We noticed, in dual-socket setup with *"directory mode" disabled*, some write-backs to DRAM of clean cache lines (i.e. that were only read and never modified by anyone). This "issue" is very present in case all the HW prefetchers are enabled and very rare but still present when they are all disabled.
Does anyone have any idea what causes those clean write-backs and how to prevent them ?
I noticed in "Intel Xeon Processor Scalable Memory Family Uncore Performance Monitoring" 2 IDI opcodes that look relevant: WbEFtoI and WbEFtoE.
Of course, I can come up with more details if needed.
My first guess is that these are lines that the L2 was trying to evict to the L3, but which the L3 decided not to cache. We know the behavior of the caches is dynamic, but we don't have much idea of what controls the behavior, and (as this issue suggests), we only have a coarse idea of the options available to the caches.
In general terms, it does not make any difference whether such a clean eviction is dropped or written back to DRAM, but it is certainly possible that some detail of the implementation of the snoop filters or L3 or memory directories makes writing the line all the way back to memory the preferred option.
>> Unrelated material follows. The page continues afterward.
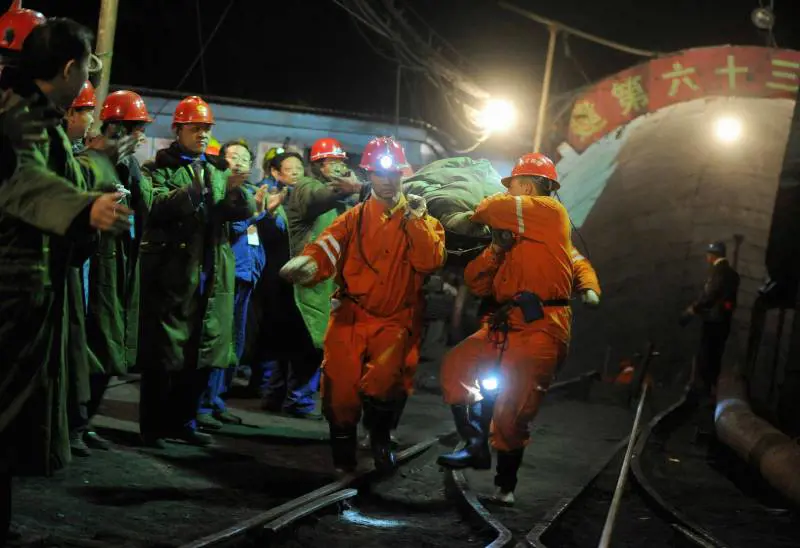 Cina, miracolo in una miniera: 
114 salvati dopo una settimana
It is also possible that this occurs for some types of eviction operations and not for others. For example, clean lines evicted from the L2 due to Snoop Filter Evictions may behave differently than clean lines evicted from the L2 due to loads into the L2.
The processor family has the unusual characteristic that the associativity of the victim cache (11-way L3) is lower than the associativity of the Snoop Filter (12-way) or the L2 caches (16-way). This can lead to pathological conflict behavior (e.g., https://sites.utexas.edu/jdm4372/2019/01/07/sc18-paper-hpl-and-dgemm-performance-variability-on-inte...), which could easily result in unexpected cache transactions (either as a deliberate performance mitigation, or as the unexpected occurrence of a "corner case" transaction that exists for obscure reasons known only to the design team).
Thank you for your answer.
Can you expand on why you think that's a L2 cache line not accepted by the L3 ?
I struggle to understand when a useless write-back to DRAM could be the preferred option and why I observe this behavior only in dual-socket. Maybe that's a corner-case that is only visible in this configuration because of timing. And I don't see the point of having a sort of RFO that marks the line as Modified instead of Exclusive, the gain would be null right ?
"It is also possible that this occurs for some types of eviction operations and not for others. " => I agree with you since evicting those cache lines by software does not raise the issue. And disabling the prefetch only mitigates the issue.
"In general terms, it does not make any difference whether such a clean eviction is dropped or written back to DRAM" => I agree with you that it is harmless for the system coherence, but not for us where our in-DRAM processors changed its content and got overwritten by those clean write-backs
I used perf tool to monitor both WbEFtoI and WbEFtoE opcodes and, though I have seen some, they do not seem to be the cause of the problem we encounter.
I'll definitely take a look at your presentation that I came across already, and I will keep digging this issue. If anything comes to your mind, please don't hesitate
My guess that this is an L2->L3 victim that the L3 did not accept was just a guess -- it has the right semantics and I have worked on processor designs that allowed for a cache to ignore a transaction (and let it pass through to the next level) if the cache was "too busy". For the case of clean data, dropping the WB would be "coherent", but that also requires a decision, and it could have been easier to just let the data bypass.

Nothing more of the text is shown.